THE DATA START

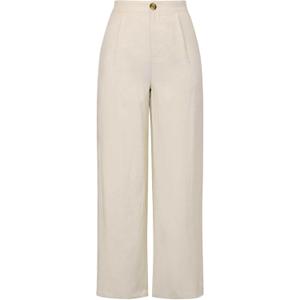 Allegra K Casual Linen Pants for Women Wide Leg High Waist Button Trousers with Pockets (Small, Beige)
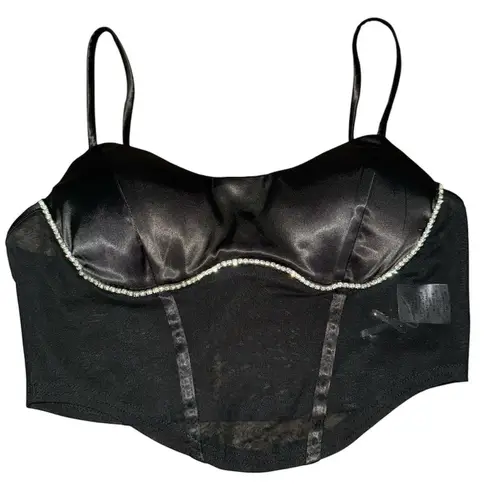 Privy Black Rhinestone Faux Corset Top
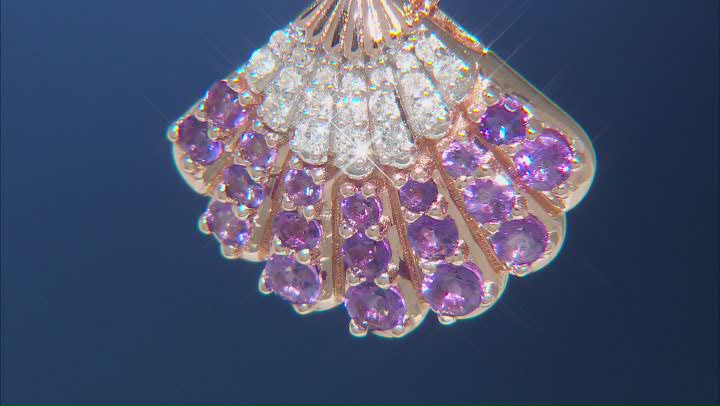 Enchanted Disney Ariel Seashell Pendant Amethyst & White Diamond 14k Rose Gold Over Silver 0.81ctw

THE DATA END

(TASK STATEMENT) Print the material precisely as given, dropping any images it holds.

(YOUR SOLUTION)
 Allegra K Casual Linen Pants for Women Wide Leg High Waist Button Trousers with Pockets (Small, Beige)
 Privy Black Rhinestone Faux Corset Top
 Enchanted Disney Ariel Seashell Pendant Amethyst & White Diamond 14k Rose Gold Over Silver 0.81ctw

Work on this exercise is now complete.